YOUR GOAL:
Pictures found in the material must be left out, and every line returned as written.

DATASET SECTION:
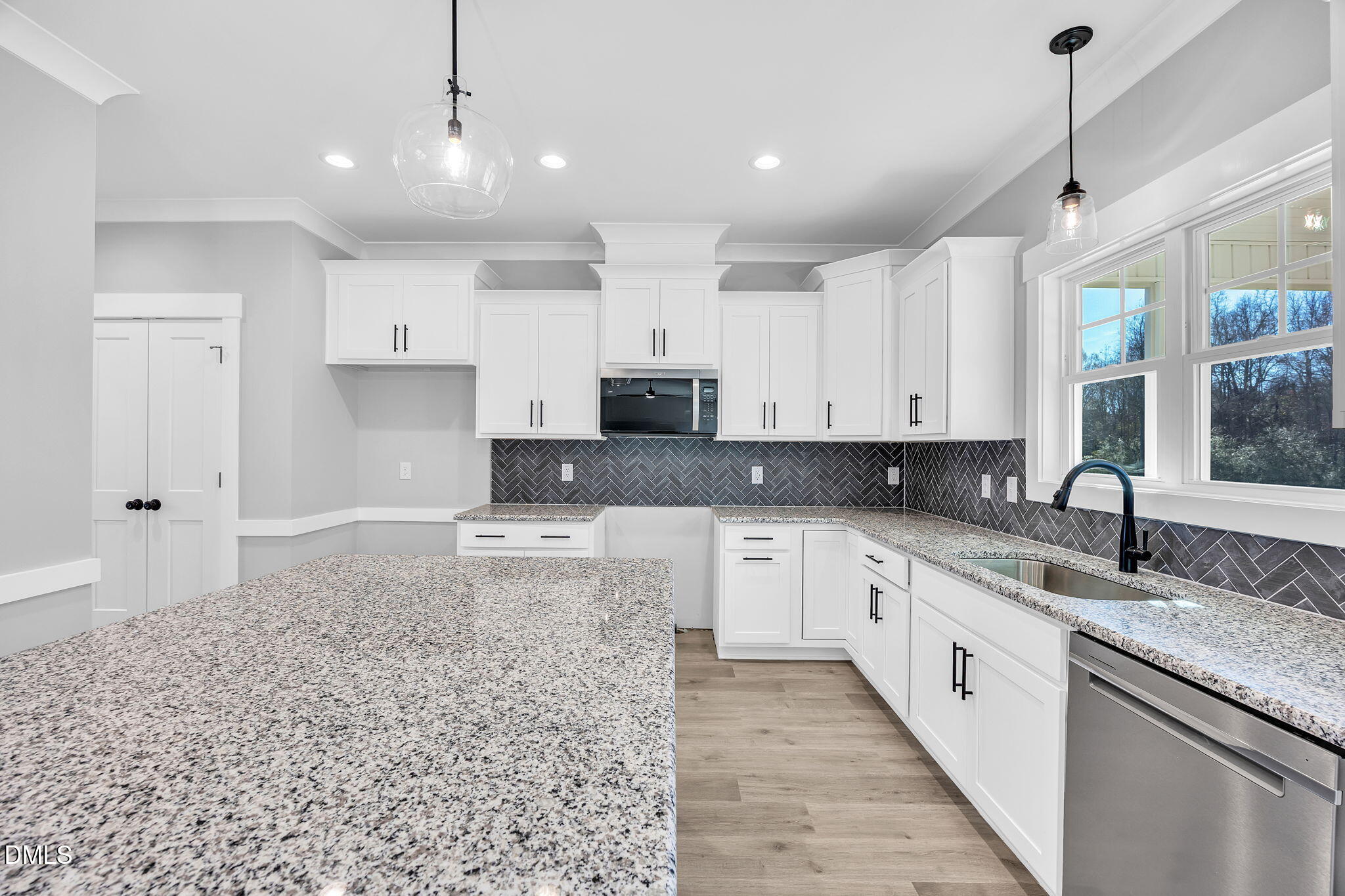 250 Freedom Ridge Drive Smithfield, NC 27577 - Photo 9 of 32 a large kitchen with granite countertop a sink and white cabinets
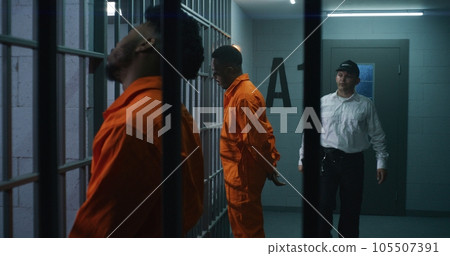 Criminals stand face to cell with hands behind Criminals stand face to cell with hands behind 105507391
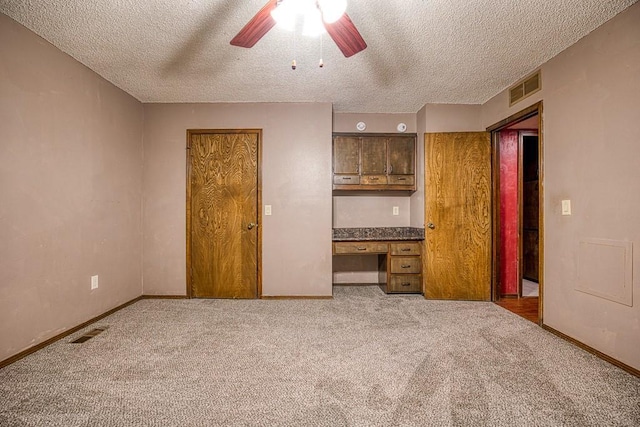 unfurnished bedroom featuring ceiling fan, a textured ceiling, built in desk, and carpet flooring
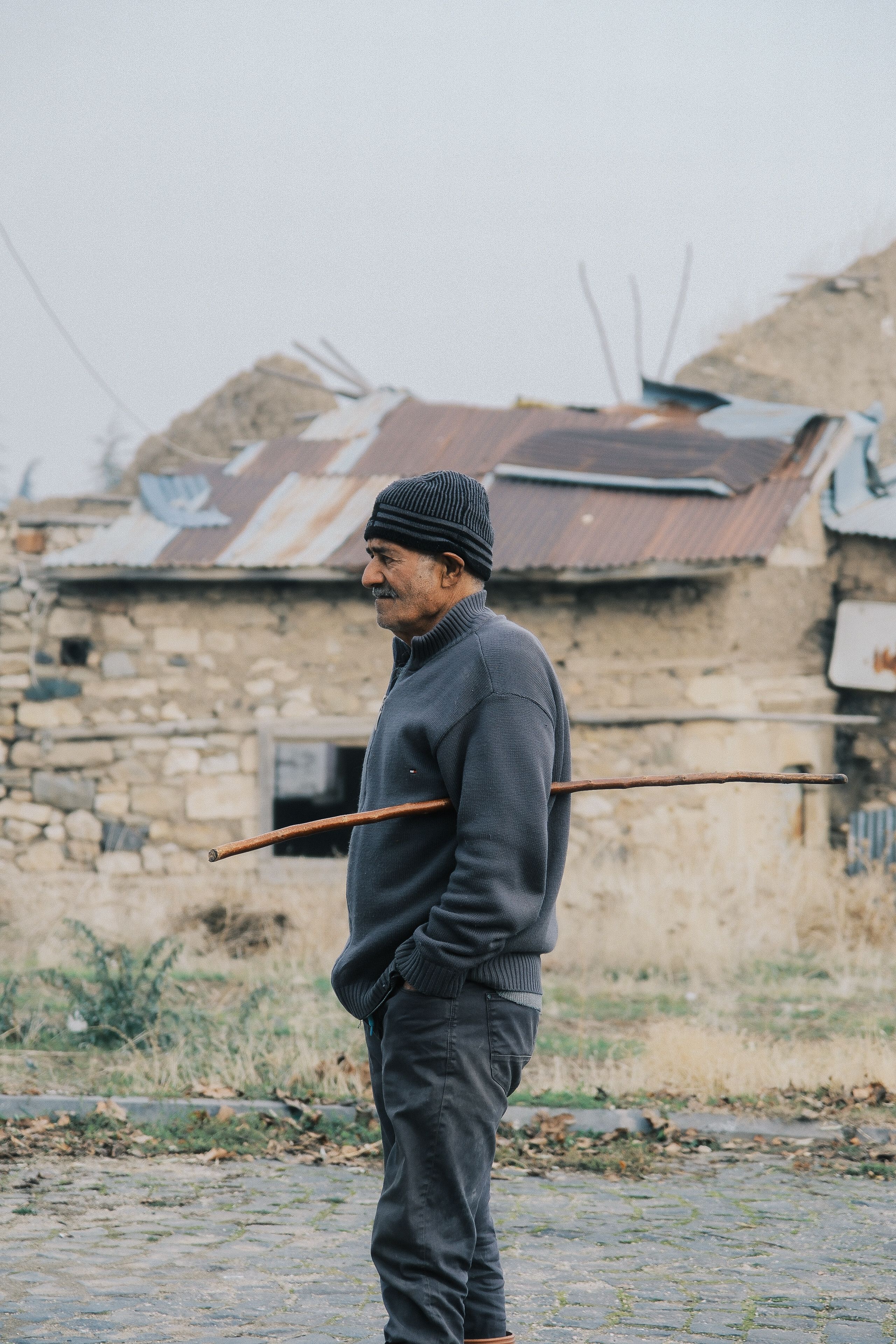 Elderly Man with Walking Stick by Rustic House · Free Stock Photo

SOLUTION TO THIS TASK:
 250 Freedom Ridge Drive Smithfield, NC 27577 - Photo 9 of 32 a large kitchen with granite countertop a sink and white cabinets
 Criminals stand face to cell with hands behind Criminals stand face to cell with hands behind 105507391
 unfurnished bedroom featuring ceiling fan, a textured ceiling, built in desk, and carpet flooring
 Elderly Man with Walking Stick by Rustic House · Free Stock Photo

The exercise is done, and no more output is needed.